Anteriormente, Starmer afirmou que a Grã-Bretanha, historicamente um dos aliados mais próximos dos Estados Unidos, não desempenhou nenhum papel na operação militar e que ele queria conversar com o presidente Donald Trump para entender melhor a situação.
Não está claro como Trump planeja supervisionar a Venezuela. Apesar de uma dramática operação noturna que deixou parte de Caracas sem energia elétrica e resultou na captura de Maduro, as forças americanas não têm controle sobre o país em si, e o governo de Maduro parece ainda estar no poder.
“O governo do Reino Unido discutirá a evolução da situação com seus homólogos americanos nos próximos dias, enquanto buscamos uma transição segura e pacífica para um governo legítimo que reflita a vontade do povo venezuelano”, disse Starmer em sua declaração mais recente.

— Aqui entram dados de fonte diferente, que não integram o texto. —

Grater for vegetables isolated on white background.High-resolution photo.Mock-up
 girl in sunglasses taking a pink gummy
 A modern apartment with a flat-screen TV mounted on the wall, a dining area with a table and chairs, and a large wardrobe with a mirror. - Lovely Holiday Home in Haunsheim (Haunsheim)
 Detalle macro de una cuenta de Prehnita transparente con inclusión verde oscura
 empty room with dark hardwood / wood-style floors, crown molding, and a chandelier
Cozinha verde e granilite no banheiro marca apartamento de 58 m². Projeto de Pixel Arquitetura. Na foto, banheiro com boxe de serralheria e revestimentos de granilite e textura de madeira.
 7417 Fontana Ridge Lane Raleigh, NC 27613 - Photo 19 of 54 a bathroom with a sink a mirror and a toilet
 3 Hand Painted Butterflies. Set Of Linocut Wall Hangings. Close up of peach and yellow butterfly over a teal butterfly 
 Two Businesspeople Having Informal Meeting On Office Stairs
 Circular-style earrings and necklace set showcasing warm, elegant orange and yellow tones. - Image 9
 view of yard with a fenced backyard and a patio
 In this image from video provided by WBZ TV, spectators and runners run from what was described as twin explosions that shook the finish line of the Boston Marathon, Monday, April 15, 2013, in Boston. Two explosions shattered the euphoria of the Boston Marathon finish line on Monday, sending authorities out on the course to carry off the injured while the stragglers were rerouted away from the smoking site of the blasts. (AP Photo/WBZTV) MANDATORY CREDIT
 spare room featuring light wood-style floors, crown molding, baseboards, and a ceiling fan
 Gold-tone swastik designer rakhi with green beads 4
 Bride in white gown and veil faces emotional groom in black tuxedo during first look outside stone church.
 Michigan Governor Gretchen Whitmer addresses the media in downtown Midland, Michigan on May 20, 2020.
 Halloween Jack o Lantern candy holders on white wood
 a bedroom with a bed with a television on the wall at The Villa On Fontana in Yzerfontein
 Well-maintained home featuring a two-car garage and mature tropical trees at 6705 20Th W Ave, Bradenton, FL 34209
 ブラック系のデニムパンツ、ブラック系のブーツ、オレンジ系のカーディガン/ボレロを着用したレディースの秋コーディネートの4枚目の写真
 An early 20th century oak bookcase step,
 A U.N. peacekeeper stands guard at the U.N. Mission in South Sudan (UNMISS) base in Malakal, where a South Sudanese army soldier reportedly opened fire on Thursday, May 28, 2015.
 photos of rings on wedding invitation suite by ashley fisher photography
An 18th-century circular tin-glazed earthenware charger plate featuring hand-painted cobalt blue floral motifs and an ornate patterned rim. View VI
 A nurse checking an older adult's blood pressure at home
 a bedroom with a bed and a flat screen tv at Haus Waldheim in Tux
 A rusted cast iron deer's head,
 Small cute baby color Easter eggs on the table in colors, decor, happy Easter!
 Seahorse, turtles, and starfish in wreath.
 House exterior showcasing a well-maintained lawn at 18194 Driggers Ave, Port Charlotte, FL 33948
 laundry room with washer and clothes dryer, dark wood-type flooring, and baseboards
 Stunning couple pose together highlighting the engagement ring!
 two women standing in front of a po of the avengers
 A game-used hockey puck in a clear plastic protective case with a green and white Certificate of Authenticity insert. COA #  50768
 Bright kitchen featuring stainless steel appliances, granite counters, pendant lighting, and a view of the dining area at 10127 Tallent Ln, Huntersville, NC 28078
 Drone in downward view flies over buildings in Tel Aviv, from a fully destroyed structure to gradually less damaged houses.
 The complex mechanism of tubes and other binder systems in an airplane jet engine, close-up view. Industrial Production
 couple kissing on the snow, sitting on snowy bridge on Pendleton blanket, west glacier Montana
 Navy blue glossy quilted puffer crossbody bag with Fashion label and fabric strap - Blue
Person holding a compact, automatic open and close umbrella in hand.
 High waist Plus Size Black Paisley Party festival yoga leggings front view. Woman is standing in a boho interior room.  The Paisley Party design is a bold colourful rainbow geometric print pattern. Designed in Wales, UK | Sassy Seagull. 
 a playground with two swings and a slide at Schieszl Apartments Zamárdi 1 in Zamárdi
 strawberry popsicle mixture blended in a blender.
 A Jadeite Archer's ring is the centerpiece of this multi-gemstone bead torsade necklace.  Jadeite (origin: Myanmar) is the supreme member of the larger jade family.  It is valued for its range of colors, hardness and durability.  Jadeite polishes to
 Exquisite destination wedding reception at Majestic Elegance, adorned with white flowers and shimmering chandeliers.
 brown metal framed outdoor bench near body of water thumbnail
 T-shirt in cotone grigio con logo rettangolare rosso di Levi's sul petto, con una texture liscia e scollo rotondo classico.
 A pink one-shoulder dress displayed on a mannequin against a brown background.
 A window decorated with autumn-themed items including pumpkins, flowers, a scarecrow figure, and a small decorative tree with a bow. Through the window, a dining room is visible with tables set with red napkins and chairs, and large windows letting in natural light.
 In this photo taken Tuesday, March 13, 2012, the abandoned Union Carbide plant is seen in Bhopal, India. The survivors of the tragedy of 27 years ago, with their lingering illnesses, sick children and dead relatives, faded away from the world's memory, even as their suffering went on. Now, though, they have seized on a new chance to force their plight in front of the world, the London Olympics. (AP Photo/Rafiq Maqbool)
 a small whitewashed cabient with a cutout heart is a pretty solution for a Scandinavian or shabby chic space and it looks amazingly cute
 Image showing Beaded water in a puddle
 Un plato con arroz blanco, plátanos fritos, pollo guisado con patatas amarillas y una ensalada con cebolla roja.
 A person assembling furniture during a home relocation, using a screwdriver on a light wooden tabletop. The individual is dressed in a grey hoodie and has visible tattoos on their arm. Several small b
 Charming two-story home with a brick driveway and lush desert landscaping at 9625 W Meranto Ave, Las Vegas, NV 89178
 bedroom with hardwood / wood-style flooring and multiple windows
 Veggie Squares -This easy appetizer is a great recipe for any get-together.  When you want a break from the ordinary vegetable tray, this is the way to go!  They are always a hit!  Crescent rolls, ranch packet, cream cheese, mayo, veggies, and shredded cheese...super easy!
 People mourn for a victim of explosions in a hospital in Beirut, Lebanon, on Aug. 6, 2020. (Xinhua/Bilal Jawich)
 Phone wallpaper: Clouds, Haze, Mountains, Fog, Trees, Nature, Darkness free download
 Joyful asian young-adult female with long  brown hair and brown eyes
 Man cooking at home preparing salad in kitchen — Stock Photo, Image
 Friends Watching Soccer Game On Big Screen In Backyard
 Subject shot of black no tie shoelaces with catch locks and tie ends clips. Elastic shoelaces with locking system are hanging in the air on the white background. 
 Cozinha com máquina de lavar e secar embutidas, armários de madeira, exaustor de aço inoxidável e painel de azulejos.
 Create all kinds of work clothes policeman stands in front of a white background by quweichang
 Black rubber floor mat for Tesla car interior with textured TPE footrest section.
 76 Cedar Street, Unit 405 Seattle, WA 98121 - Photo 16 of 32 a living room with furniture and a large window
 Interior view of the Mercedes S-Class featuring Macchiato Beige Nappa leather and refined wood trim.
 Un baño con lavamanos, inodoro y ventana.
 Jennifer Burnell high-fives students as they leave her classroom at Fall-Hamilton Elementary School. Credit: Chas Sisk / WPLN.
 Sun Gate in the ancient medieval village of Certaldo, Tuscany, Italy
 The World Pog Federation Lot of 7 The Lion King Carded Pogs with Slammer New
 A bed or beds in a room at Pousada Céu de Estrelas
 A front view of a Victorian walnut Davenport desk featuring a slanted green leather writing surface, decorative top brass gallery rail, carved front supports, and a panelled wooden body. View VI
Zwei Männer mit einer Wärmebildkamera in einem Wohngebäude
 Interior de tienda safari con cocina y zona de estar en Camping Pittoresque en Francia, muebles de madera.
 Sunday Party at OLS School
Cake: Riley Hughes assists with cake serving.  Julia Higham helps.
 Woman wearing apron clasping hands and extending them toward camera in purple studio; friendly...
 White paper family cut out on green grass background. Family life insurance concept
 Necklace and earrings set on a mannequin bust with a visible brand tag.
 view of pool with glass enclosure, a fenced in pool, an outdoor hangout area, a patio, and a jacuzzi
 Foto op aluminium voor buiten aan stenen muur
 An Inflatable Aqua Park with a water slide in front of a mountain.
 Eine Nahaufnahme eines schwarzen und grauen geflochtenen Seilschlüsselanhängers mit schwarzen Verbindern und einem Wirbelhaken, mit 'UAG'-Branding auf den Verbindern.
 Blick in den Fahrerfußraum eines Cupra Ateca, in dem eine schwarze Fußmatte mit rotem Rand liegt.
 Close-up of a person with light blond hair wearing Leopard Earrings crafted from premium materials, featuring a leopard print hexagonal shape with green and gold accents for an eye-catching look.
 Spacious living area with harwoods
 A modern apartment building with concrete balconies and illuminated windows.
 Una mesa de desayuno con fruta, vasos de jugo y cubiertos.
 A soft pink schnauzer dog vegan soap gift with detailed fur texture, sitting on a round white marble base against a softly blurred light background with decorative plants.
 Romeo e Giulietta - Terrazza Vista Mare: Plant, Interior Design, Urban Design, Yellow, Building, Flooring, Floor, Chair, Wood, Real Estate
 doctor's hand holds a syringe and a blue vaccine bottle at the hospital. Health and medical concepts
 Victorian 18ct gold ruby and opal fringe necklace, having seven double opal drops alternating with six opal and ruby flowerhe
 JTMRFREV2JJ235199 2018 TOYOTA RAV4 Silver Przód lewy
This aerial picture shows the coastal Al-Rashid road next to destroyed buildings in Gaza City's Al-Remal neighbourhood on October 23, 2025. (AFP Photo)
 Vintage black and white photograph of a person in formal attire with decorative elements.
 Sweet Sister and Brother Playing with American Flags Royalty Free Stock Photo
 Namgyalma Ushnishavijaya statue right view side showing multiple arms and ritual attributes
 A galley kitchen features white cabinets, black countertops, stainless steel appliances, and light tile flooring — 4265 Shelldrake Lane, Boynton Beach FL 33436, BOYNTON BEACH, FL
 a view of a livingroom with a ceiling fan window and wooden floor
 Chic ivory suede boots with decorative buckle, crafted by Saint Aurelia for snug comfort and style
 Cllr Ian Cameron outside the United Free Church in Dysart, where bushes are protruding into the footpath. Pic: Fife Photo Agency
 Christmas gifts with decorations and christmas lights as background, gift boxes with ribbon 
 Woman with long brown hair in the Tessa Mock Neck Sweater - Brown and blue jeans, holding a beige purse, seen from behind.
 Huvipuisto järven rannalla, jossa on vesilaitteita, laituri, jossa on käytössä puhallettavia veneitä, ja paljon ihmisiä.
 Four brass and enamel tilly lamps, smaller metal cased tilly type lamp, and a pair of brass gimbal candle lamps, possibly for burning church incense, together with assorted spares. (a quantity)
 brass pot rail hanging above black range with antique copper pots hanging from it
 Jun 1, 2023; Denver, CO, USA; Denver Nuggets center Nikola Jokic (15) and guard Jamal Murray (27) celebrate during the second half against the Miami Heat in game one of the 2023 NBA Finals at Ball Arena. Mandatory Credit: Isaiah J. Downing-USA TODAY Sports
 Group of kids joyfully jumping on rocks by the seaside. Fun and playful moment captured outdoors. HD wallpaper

Em uma declaração anterior às emissoras e em uma entrevista posterior à BBC, Starmer – um ex-advogado de direitos humanos – enfatizou a importância do direito internacional, mas não disse se achava que as ações de Trump o violavam.
“Sempre digo e acredito que todos devemos respeitar o direito internacional”, disse ele às emissoras.
Starmer procurou manter boas relações com Trump e adotou uma postura menos crítica em público do que a maioria dos outros líderes europeus.
Nigel Farage, líder do partido Reform UK, que lidera as pesquisas de opinião, disse acreditar que as ações dos EUA violaram o direito internacional, “mas se fizerem a China e a Rússia pensarem duas vezes, pode ser uma coisa boa”.
Os líderes dos partidos Liberal Democrata e Verde, de tendência esquerdista, criticaram Trump e a decisão de Starmer de não adotar uma linha mais dura, enquanto o Partido Conservador, da oposição e o segundo maior no parlamento, saudou a saída de Maduro.